:: Your instructions ::
Lines where the string "strong" appears are to be copied from the entries below.

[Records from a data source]
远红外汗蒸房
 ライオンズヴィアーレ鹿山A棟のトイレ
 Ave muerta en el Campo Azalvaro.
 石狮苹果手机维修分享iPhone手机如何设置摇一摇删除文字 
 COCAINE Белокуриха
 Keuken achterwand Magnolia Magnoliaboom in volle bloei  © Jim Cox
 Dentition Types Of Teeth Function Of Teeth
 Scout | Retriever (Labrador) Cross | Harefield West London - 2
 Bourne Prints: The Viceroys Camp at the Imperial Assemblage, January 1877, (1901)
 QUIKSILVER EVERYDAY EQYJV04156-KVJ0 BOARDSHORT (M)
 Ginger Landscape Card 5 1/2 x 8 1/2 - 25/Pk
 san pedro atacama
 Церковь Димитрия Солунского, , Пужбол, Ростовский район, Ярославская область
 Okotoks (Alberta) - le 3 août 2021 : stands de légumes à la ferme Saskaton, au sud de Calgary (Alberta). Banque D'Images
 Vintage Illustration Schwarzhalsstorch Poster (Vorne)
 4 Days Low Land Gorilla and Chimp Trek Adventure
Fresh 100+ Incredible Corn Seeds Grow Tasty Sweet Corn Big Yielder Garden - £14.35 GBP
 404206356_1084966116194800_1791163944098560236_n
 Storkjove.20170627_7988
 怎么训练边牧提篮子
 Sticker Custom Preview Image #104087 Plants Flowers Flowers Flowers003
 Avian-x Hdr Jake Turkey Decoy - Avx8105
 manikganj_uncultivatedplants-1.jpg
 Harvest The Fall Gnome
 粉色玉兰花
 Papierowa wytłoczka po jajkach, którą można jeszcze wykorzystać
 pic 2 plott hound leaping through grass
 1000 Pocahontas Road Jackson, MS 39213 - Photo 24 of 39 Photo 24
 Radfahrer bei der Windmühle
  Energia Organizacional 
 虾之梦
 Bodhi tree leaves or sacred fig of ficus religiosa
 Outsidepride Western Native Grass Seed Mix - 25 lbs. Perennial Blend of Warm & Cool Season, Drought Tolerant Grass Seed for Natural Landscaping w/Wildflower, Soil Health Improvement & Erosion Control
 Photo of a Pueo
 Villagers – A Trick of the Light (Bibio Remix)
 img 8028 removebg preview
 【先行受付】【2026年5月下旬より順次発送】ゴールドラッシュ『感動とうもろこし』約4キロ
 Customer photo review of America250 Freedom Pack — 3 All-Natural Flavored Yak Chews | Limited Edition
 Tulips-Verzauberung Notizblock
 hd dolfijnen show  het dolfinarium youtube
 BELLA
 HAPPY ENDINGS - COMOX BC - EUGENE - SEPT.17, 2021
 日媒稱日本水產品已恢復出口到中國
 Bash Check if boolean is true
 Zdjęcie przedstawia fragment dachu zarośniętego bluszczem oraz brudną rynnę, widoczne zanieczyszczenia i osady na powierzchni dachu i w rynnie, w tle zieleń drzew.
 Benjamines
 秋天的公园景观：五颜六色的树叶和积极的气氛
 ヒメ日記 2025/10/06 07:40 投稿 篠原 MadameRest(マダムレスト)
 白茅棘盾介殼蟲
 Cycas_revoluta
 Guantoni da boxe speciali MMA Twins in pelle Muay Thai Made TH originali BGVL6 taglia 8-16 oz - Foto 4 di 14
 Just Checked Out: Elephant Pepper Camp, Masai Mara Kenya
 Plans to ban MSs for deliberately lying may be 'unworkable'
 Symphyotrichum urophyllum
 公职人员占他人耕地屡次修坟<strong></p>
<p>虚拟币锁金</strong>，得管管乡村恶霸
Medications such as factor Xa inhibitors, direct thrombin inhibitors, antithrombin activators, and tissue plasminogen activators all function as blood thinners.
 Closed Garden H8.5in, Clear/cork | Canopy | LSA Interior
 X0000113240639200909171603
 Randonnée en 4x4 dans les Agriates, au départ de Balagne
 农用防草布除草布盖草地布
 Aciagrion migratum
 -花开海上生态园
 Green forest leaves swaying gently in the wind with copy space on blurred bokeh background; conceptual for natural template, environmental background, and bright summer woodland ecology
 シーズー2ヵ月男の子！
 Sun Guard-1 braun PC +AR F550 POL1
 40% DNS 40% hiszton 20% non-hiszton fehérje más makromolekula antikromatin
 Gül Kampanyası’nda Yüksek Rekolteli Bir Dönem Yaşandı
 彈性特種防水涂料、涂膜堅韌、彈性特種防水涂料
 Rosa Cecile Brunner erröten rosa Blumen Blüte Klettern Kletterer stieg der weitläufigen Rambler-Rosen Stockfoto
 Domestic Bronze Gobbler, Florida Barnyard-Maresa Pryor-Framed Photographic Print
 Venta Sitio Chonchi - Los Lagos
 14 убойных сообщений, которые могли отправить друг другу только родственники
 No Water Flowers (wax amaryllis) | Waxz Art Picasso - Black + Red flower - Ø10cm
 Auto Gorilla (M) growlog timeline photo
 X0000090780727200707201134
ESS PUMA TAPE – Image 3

:: Task result ::
 公职人员占他人耕地屡次修坟<strong></p>
<p>虚拟币锁金</strong>，得管管乡村恶霸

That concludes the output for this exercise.